Jedna z najważniejszych premier tego roku jest już w Max. Widzieliśmy 4. sezon serialu "Skazana"
Wraz z premierą nowego serwisu Max, który zastąpił dotychczasowy HBO Max, zadebiutował także długo wyczekiwany, premierowy odcinek 4. sezonu "Skazanej". Mogę już przy tym z całą pewnością stwierdzić, że twórcy szykują godne podziwu zwieńczenie całej produkcji, a powrót za więzienne mury to była czysta przyjemność.
OCENA
Artykuł zawiera spoilery 3. sezonu serialu "Skazana".

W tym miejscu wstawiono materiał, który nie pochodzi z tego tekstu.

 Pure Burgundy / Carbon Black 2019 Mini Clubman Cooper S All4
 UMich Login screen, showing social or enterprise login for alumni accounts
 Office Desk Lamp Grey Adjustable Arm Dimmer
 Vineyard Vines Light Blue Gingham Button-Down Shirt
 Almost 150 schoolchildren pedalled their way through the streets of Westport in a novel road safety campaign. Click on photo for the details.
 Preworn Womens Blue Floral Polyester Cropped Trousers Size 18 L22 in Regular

Wielu widzów czekało pewnie nie tyle na debiut platformy Max, co na premierę 1. odcinka najnowszej odsłony serialu "Skazana", który pojawił się już w serwisie. Finał 3. sezonu mogliśmy oglądać pod koniec minionego roku i już wtedy było jasne, że będzie nam dane śledzić dalsze losy Alicji Mazur, jej współwięźniarek oraz śledczych i pracowników więzienia. I oto jest - odcinek rozpoczynający sezon 4. "Skazanej", który dowodzi temu, że serial zdecydowanie zasługuje na miano jednej z najważniejszych premier tego roku.

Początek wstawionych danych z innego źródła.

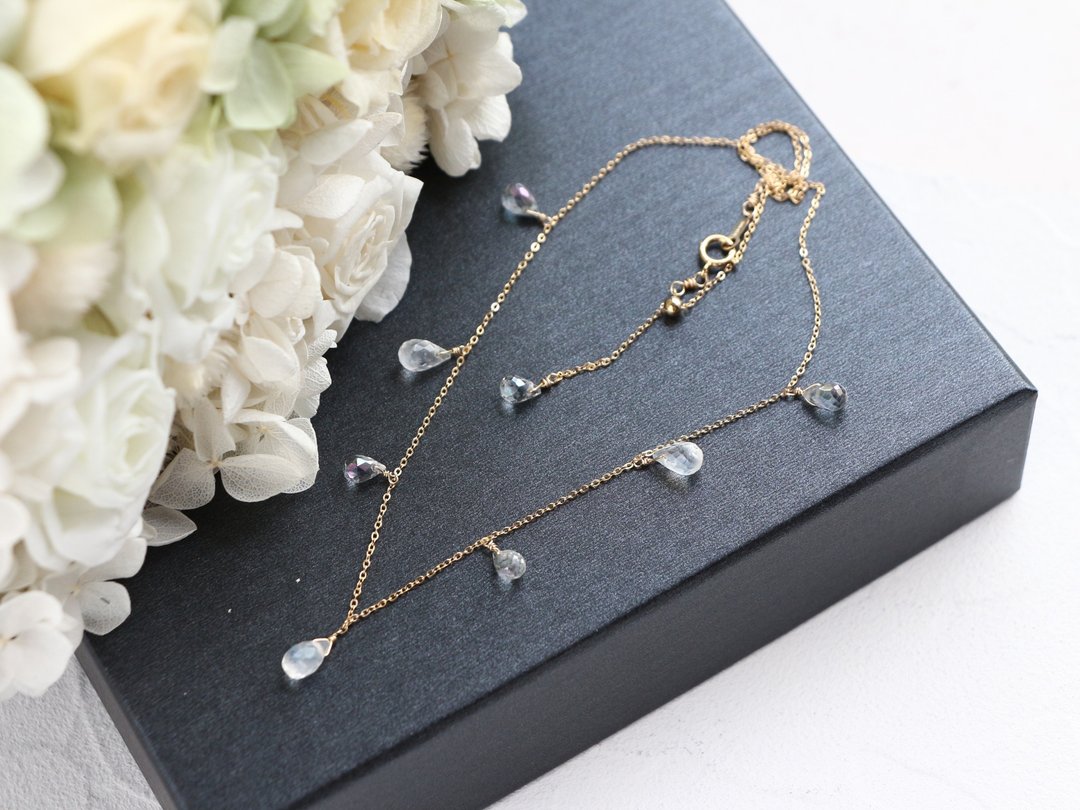 14kgf-chilly tears short necklace (ajustable chain) - 项链 - 其他金属 灰色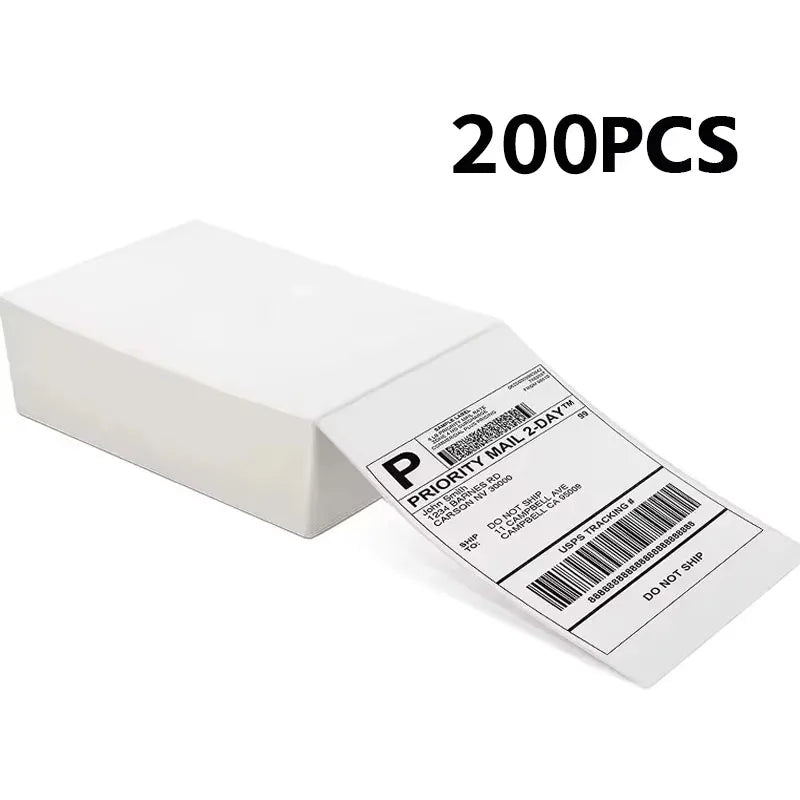 A white box containing 200 pieces of thermal shipping labels ready to print.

Skazana - recenzja 1. odcinka 4. sezonu serialu w serwisie Max
W mocnym finale 3. sezonu dowiedzieliśmy się, że Pati została wrobiona przez Hepnera w kradzież auta, wskutek czego ponownie trafiła za kratki. Okazało się, że do celi, którą dzieliła wraz z Alicją, zostaje przydzielona także Wójcicka, współpracowniczka Hepnera. Tymczasem Alicja wraz z Kraszeckim odkrywa popełnioną przez Hepnera zbrodnię i we współpracy z Piotrowskim postanawia podstępem zmusić go, by ten przyznał się do morderstwa. W dniu jego nominacji na szefa więziennictwa Hepner prowokuje Mazur, która rozwścieczona uderza mężczyznę statuetką w tył głowy. Po chwili w celi zjawiają się Kosa i Pati, zostawiają na narzędziu zbrodni odciski palców i wszystkie trzy biorą na siebie winę.

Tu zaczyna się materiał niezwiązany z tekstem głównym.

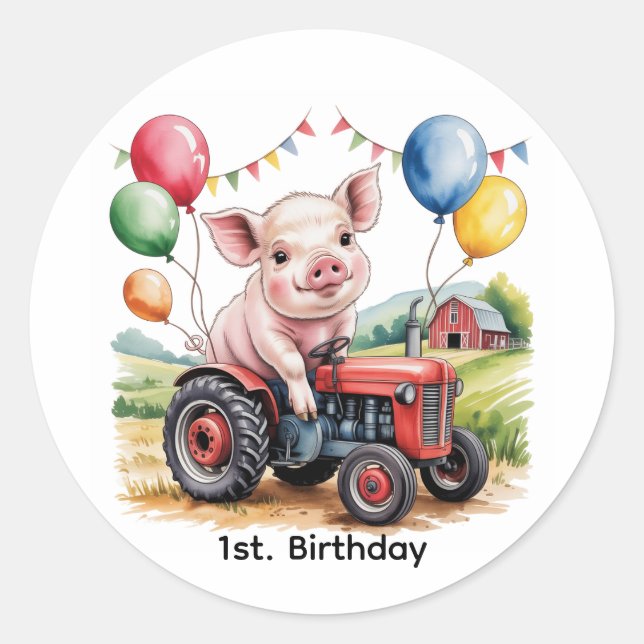Cute Farm Pig On A Tractor 1st. Birthday Party Runder Aufkleber (Vorderseite)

Pierwszy odcinek to majstersztyk trzymania widza w napięciu - to najlepszy początek sezonu, jaki tylko mogłam sobie wyobrazić. To, co z początku wydawało się oczywiste, z biegiem czasu okazuje się wcale takim nie być. Przygotujcie się na sporą ilość zaskoczeń, bo wygląda na to, że w finałowym sezonie może się wydarzyć dosłownie wszystko, a działania bohaterów nie zawsze będą podyktowane lojalnością - w więzieniu każdy musi walczyć o samego siebie.
Jesteśmy przede wszystkim świadkami wewnętrznych rozterek trzech głównych bohaterek: Alicji, Pati i Kosy, które wcześniej, czy to wskutek sympatii, czy długu wdzięczności, zdecydowały się na to, by wzajemnie się chronić. Okazuje się jednak, że ich wcześniejsze deklaracje i mocne fundamenty ich przyjaźni zostaną wystawione na próbę z powodu nowych okoliczności, które mogą odmienić życie każdej z nich. Bo zarówno Alicja, Pati, jak i Kosa mogą zyskać wszystko lub zostać z niczym.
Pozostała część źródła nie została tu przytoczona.